• [Aim of the task] Reproduce the full listing below unchanged, apart from the pictures.

• [Recorded information]
>>

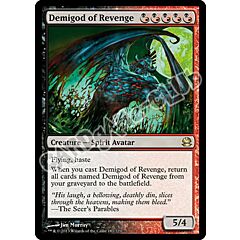 187 / 229 Demigod of Revenge rara (EN) -NEAR MINT-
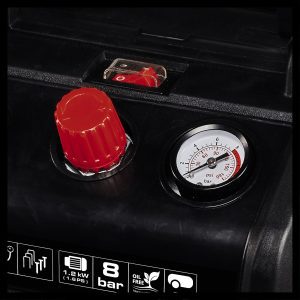 einhell-tc-ac-190/6/8-of-set-kompresor-bezolejowy-4020650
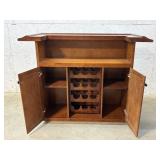 2 Piece Bar 58/25/44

<<

• [Solution for this problem]
 187 / 229 Demigod of Revenge rara (EN) -NEAR MINT-
 einhell-tc-ac-190/6/8-of-set-kompresor-bezolejowy-4020650
 2 Piece Bar 58/25/44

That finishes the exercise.